▸ **WHAT YOU HAVE TO DO**
Write every line below out again, exactly as given, but leave out the pictures.

▸ **WORKING DATA**
_ _ _ _ _

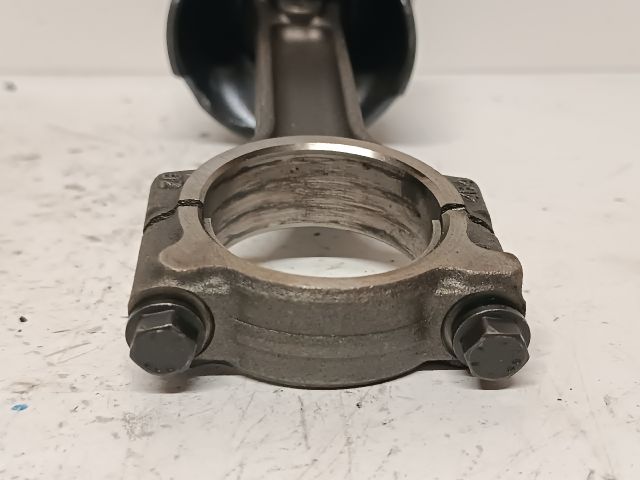 bontott MERCEDES-BENZ CITAN Dugattyú és Hajtókar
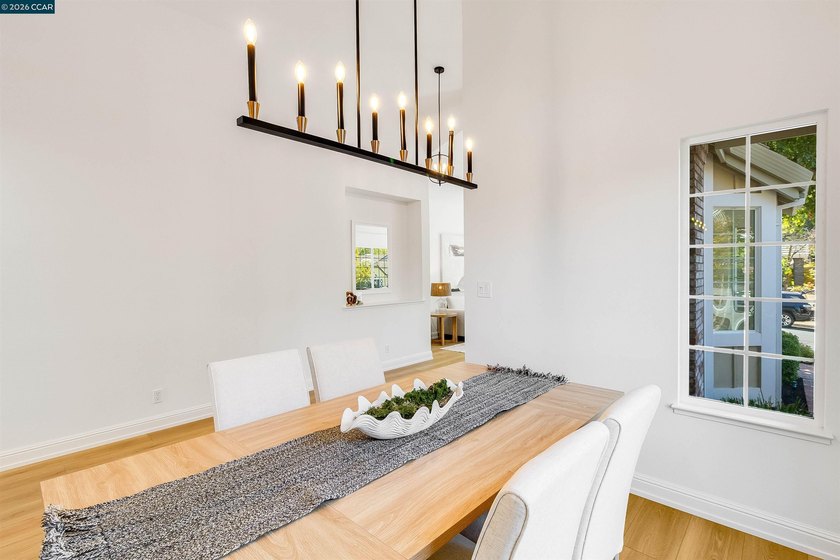 Beautifully refreshed and move-in ready, this 3-bedroom, 2-bath - photo 17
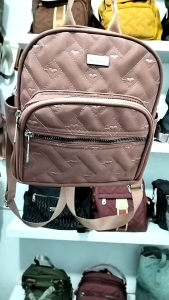 Tas Mini Wanita Elegan & Kuat: Bahan, Desain, dan Tips
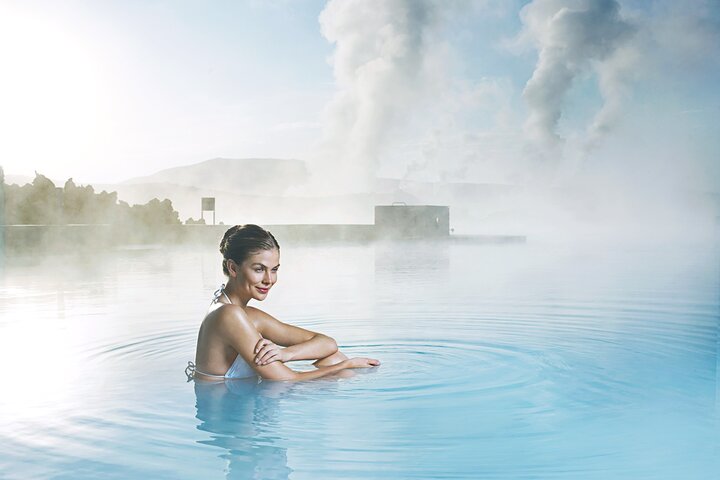 Blue Lagoon Admission with Mask, Drink, Transfers from Reykjavik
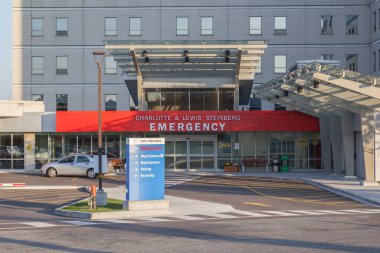 TORONTO, CANADA - 6 EKİM: Toronto 'daki North York General Hospital' ın acil girişi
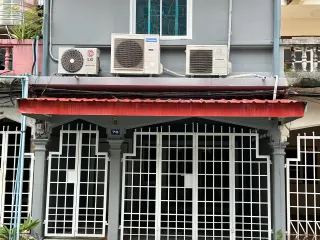 Casa adosada en venta de 2 habitaciones en Hat Yai, Songkhla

_ _ _ _ _

▸ **TASK SOLUTION**
 bontott MERCEDES-BENZ CITAN Dugattyú és Hajtókar
 Beautifully refreshed and move-in ready, this 3-bedroom, 2-bath - photo 17
 Tas Mini Wanita Elegan & Kuat: Bahan, Desain, dan Tips
 Blue Lagoon Admission with Mask, Drink, Transfers from Reykjavik
 TORONTO, CANADA - 6 EKİM: Toronto 'daki North York General Hospital' ın acil girişi
 Casa adosada en venta de 2 habitaciones en Hat Yai, Songkhla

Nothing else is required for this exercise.